Monday, December 04, 2006
Defending morality from G. Will.
When it comes down to it, what I think on this one may be one of those black and white, this is the way it is period, opinions I have. I find great enjoyment in slamming around the President for holding just this type of outlook on life, so I search deep in my soul for a seed of doubt as to how I see this. To this point I have found none. My question for those who would use the word morality when talking about America and Iraq is this: How can we have morality going forward when the entire endeavor is based upon immorality to begin with?
The entire Iraq invasion is based upon lies pure and simple. I'm not aware of a belief structure in human existence that believes flat out lying is moral. Is there any form of structured belief that teaches it's adherents that lying in the pursuit of ones own priorities is acceptable? (Besides capitalism?! that was a joke!) Nearly by definition, when governing a republic, an informed electorate or representation of the electorate is indispensable for enlightened leadership. Quite simply this war was based upon lies and continuing the mistake, for whatever reason at this point, is to build upon that immorality.
Once the lies leading to invasion were exposed the base justification for continued occupation has shifted like the dunes we find ourselves trapped in. We've heard everything from fighting them there so we don't have to fight them here to the President bemoaning the oil fields falling to the hands of the terrorist. No one seems to be horribly upset some of the largest reserves in the world are controlled by the Iranians, and their ties to terror are harped on on a daily basis by this administration.
Morality? Where were the international morality seeking right wing administration toadies when Abu Ghraib was exposed? Actively trying to quash the truth yet again by claiming that exposing the scandal would hurt American interests... because what it exposed was so absolutely freaking immoral on it's face! In fact those who support the occupation of Iraq must answer for each past moral outrage and those yet to come. I consider each dead American kid a moral outrage... and not just because they are over there in an evident hopeless cause, although that is bad enough to be sure.
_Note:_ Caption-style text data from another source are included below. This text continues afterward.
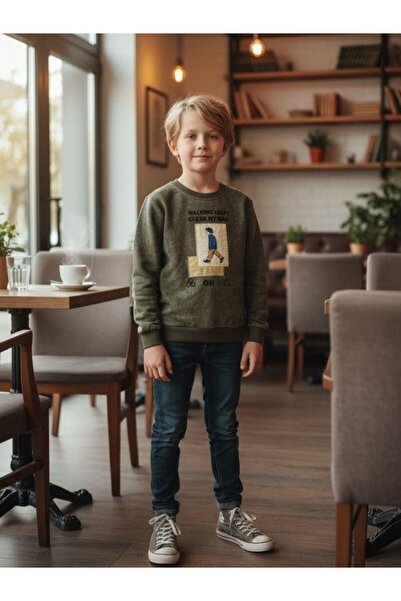 Zekids Φούτερ για αγόρια από βαμβακερό ύφασμα Clear My Mind με σχέδιο μπατίκ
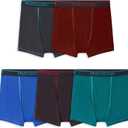 Fruit of the Loom Boys' and Toddler Boxer Briefs, Tag Free & Breathable Underwear, Assorted Color Multipacks (Medium, 5 Pack - Modal Blue/Red/Grey)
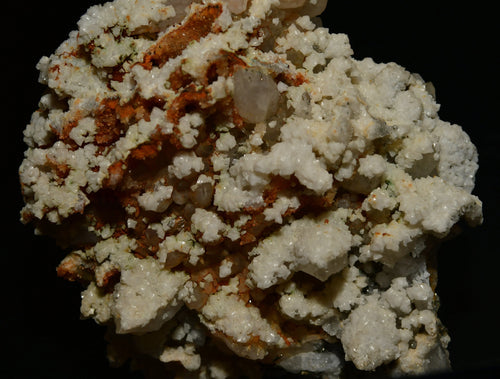 White cubic crystals with orange matrix, mineral specimen for collectors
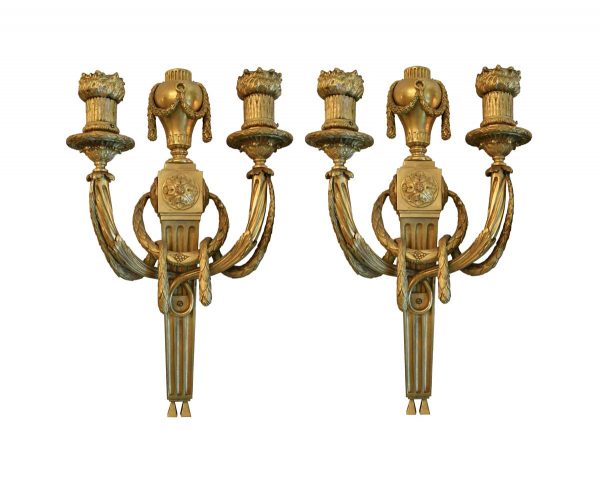 Sconces & Wall Lighting - Pair of 1940s French Caldwell 2 Arm Bronze Wall Sconces
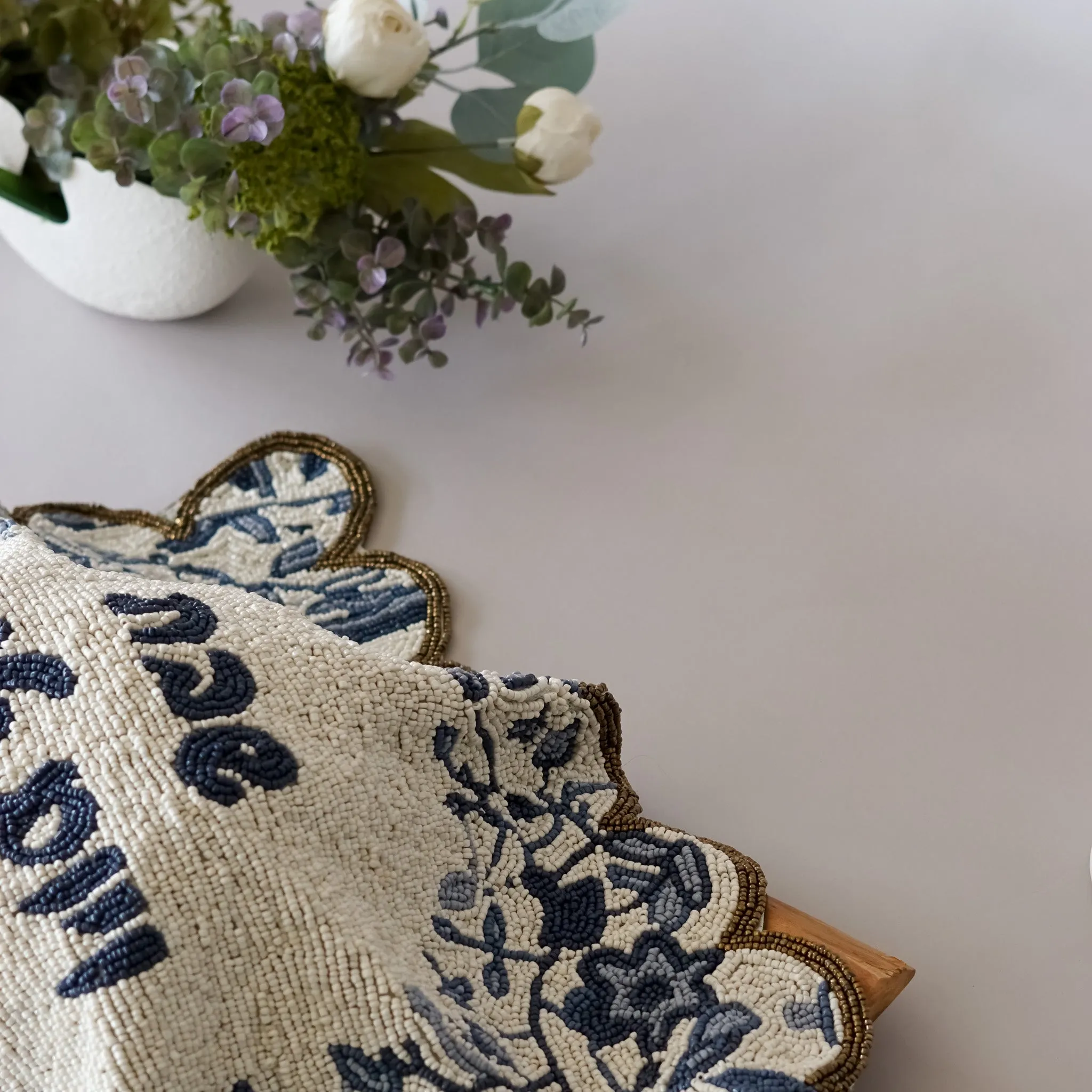 The Toile One | Beaded Challah Cover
They are dying for this administrations lies, and dying because the. worst. President. ever. is commander in chief. Pure and simple. I'm afraid if you believe there will be no more moral outrages, as commonly understood, to be exposed in the future, you are very naive. As long as we have people in that hell hole we'll have the massacres and what not...
Attention Billo fans: please do not read this as an attack on the troops. It is an attack on human nature when placed into a killing field and then rotated through 3 or 4 times... Stuff happens because our troops are human beings, not robots, and the sooner we recognize the futility of this immoral war and correct our mistakes the better off the troops, and those they represent will be.
Let me address the Wills article in particular: He describes an interview between Senator McCain and George Stephanopoulos:
George Stephanopoulos: "President Bush has said he doesn't want to send more troops now. So by your own standards isn't it currently immoral to keep Marines and soldiers, other service people in Iraq?"There must be more to morality than those two basic tests, no? We see by history that Al Qaeda was able to fly planes into the twin towers. Just because they had the ability to do so, and then applied the means, certainly that test alone does not provide the moral justification. We must apply those "two principles of moral reasoning" to a larger test of morality: Is our cause just? Are we right? Can we avoid needless bloodshed. All these questions and the answers to each are the true test of morality as far as I'm concerned.
McCain: "Yes it is."
Moments later, Stephanopoulos asked: "At what point do you say, I am not going to be complicit with an immoral policy?"
McCain: "When I think we've exhausted every possibility to do what is necessary to succeed and not until then, because the consequences of failure are catastrophic. . . . We left Vietnam, it was over, we just had to heal the wounds of war. We leave this place, chaos in the region and they'll follow us home. So there's a great deal more at stake here in this conflict in my view. A lot more."
Stephanopoulos: If the Iraq Study Group does not call for an increase in troops as you've advocated, "will you call for American troops to come home?"
McCain: "I will if at the point I think that we have exhausted every option and that we are doomed to failure."
At long last, rigor. McCain applies two principles of moral reasoning. There can be no moral duty to attempt what cannot be done. And: If you will an end, you must will the means to that end.
So yes Senator McCain, and Mr. Will. The question of the morality of this war going forward is open. Not because we have too few troops in theater. It is in question because of why they are there in the first place. To answer the challenge given by Wills title, maybe "Americas Moral Duty in Iraq" was to get it right in the first place. Seems pretty cut and dried to me.